If you're a company like Facebook or Google, you're looking to eke growth out
of every corner of the Earth, including those with really slow Internet.

So after you've conquered the 1st and 2nd world countries, you start
optimizing for additional tiers. (And optionally launch balloons that shower
Internet upon untapped markets)

However, if you're not one of those two behemoths, then your target audience
is probably located within ~3,500 miles of you/your servers (which would
translate roughly into a RTT latency figure of ~100 milliseconds, and add 40ms
for those folks on low-grade ADSL or cellular connections).

Your barebones site is competing with other fully-featured sites that are
taking advantage of the high bandwidth delay product that's available to them.

Unless, competing for eyeballs is not one of your goals.

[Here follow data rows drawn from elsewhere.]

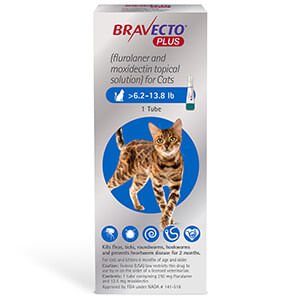 Rx BRAVECTO Plus Topical Cat - Jeffers - Animal Health & Wellness > Flea & Tick Control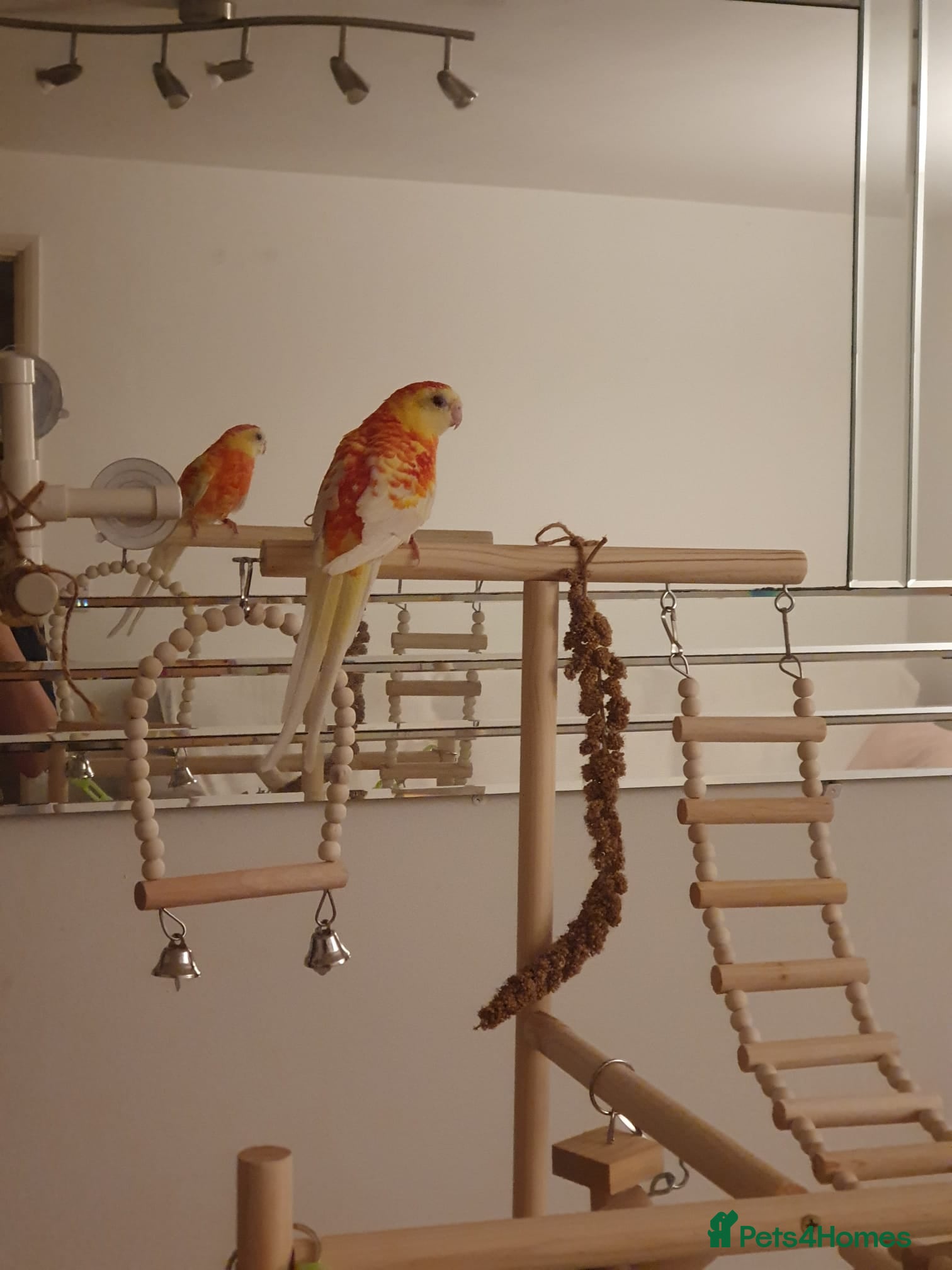 Parakeets birds **Beautiful Rare Mutation Red-Rumped Parakeet - Advert 1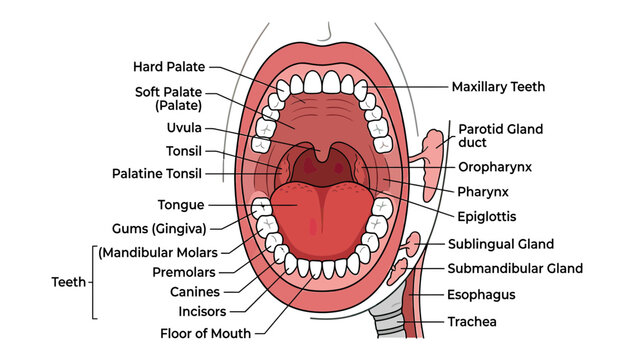 Anatomical illustration of human mouth and throat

But regardless, optimizing for reach beyond that mileage range by slicing bits
here and there, rather than bolting on a CDN, is probably a premature
optimization.

To throw out a new presumption, I'd say that if you measured user's rage,
they're more angry with packet loss than with consistent latency.

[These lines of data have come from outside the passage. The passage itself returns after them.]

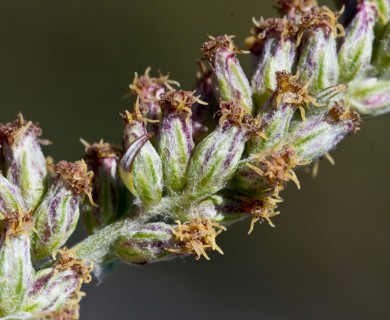 Artemisia vulgaris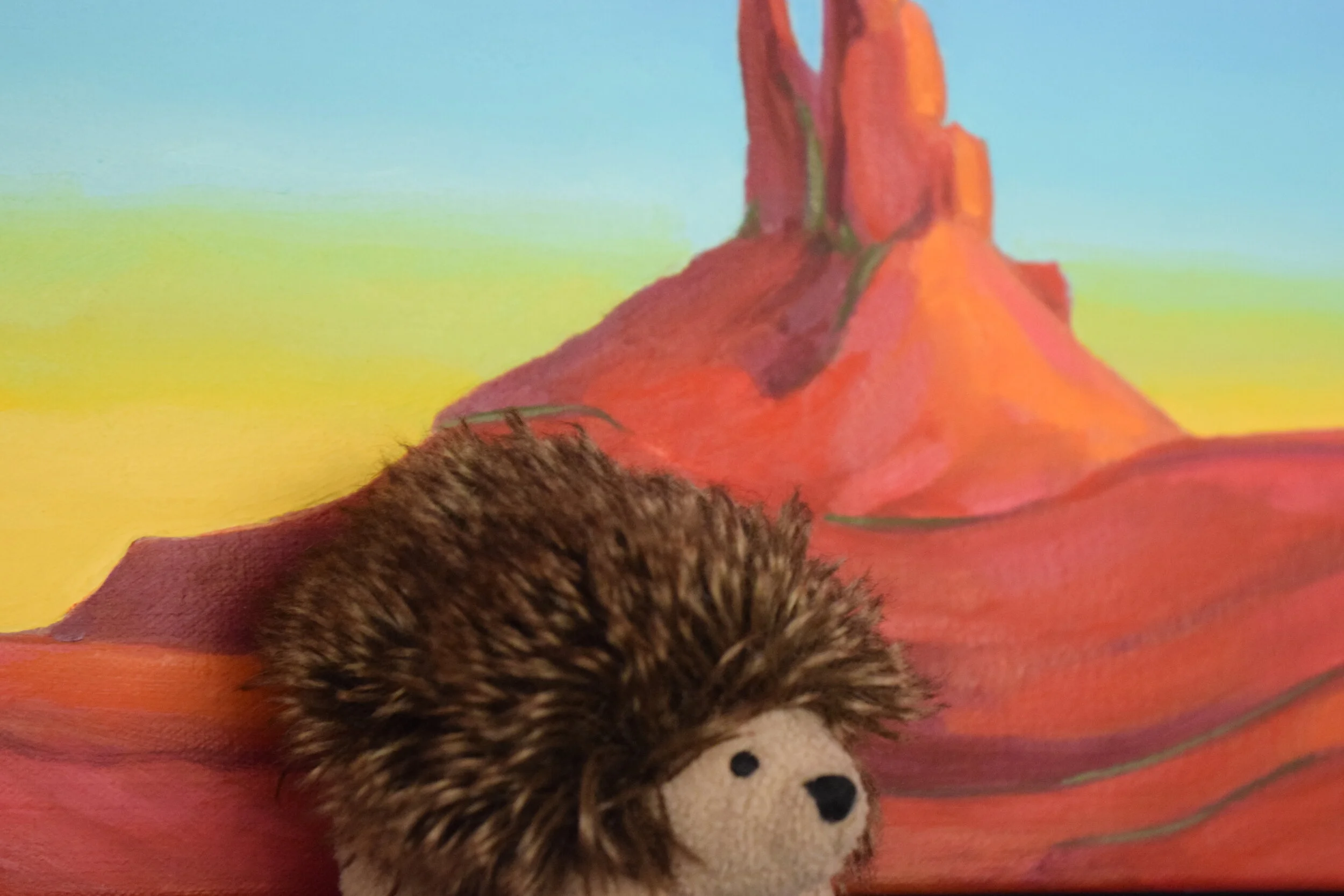 Our Skydiving Adventure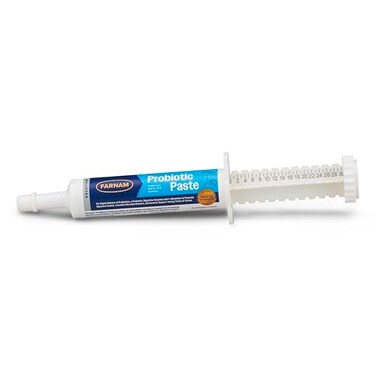 Farnam Probiotic Paste Horses in Syringe Supports Healthy Microbial Balance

One is predictable and can be planned for ("open 5 tabs, go do some chores,
come back in 15 minutes when they're loaded").

The other is absolutely infuriating ("open 1 tab, get teased by some amount of
partially loaded objects, spend the next 5 minutes refreshing due to socket
timeouts, cross fingers that not too many refreshes evicts items out of the
local cache, give up")

------
rcarmo
I decided to optimize mine for maintenance and mobile, and gave up on doing
HTTP and format optimization after moving to CloudFlare - except for adding
just enough JS to do Medium-like lazy image loading to save bandwidth for
visitors.

But this is impressively fast nonetheless.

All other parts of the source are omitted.